[EM] electoral methods - US and Europe
James Green-Armytage
jarmyta at antioch-college.edu
Sun Feb 22 18:08:02 PST 2004
"Toplak Jurij" <jure.toplak at uni-mb.si> writes:
>Yes, the in US the methods are used for allocation of 435 seats to 50
>states
>and in Europe they are used for allocation of seats to the parties.
>However,
>mathematically, problem is the same.
>With "ideal proportionality" I mean that party (or state in a case of US)
>would get exactly the same percentage of seats as it received votes (or
>people in a case of US). Most of the PR methods are supposed to try to
>come
>as close as possible, but, of course, none of them can achieve it
>(because a
>party cannot be assigned 5.43 seats, for example :)
>
>Altough it is often thought that D'Hondt is superior to Saint-Lague, as
>you
>say, all the research shows that D'Hondt systematically and consisently
>favors large parties, while Saint-Lague does not favour either large or
>small ones. (see Lijphart 1985, Balinski & Young 2001).

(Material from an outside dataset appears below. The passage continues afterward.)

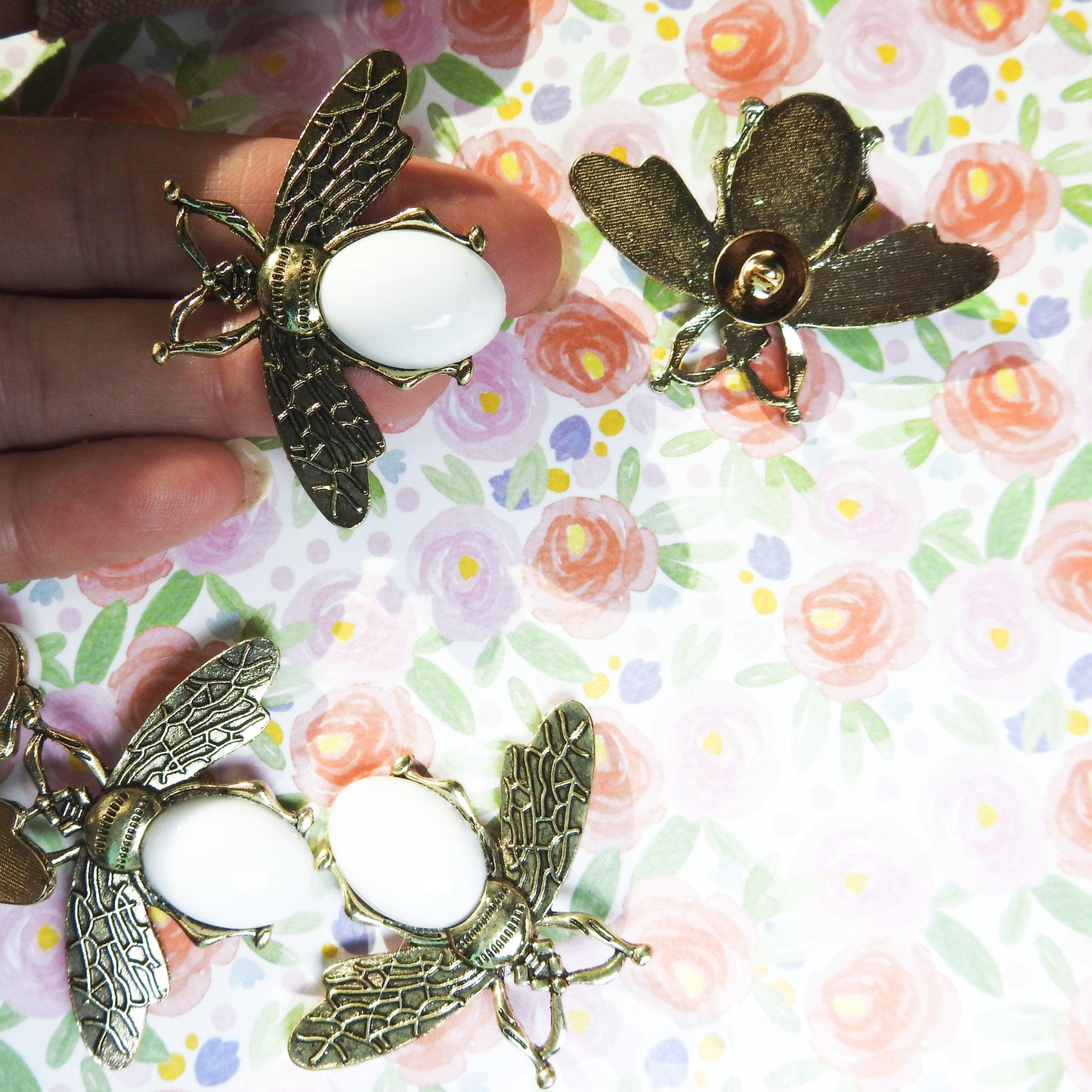 honey bee creations buttons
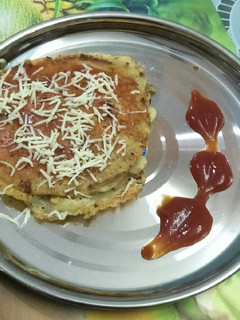 સેન્ડવીચ ઉતપમ(sandwich uttapm recipe un Gujarati) રેસીપી મુખ્ય ફોટો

For this reason
>D'Hondt was also abandoned in US in 1832 (after 40 years of use),
>therefore
>46 years before D'Hondt "invented" it.
I reply:
Do you realize the extent of the theoretical unsoundness of Saint-Lague
and Hare? I was convinced of it by an example which James Gilmour gave
last July. Here is a link to the posting which contains that example:
http://lists.electorama.com/pipermail/election-methods-electorama.com/2003-July/010368.html
I would say that Saint-Lague systematically favors smaller parties, and
while I'm all for smaller parties, I don't think that this is a good way
to go about giving them a bigger role, because it introduces a paradox of
more people gaining fewer representatives, along with an incentive for
parties to split themselves up into smaller chunks for purely strategic
reasons. I've read Lijphart and I think he was wrong about this.
I think that the best way to help smaller parties in a proportional
representation scenario is to use an STV system so that there is no risk
of people "wasting" their votes on small parties with not quite enough
votes. Also in some cases the votes transferred from an eliminated small
party candidate may go towards helping another small party candidate to
win a seat.
As for seat apportionment by state, I admit again that I'm not an expert
in it. You're saying that the U.S. now uses a Saint-Lague divisor? I live
in the U.S., and I didn't even know that.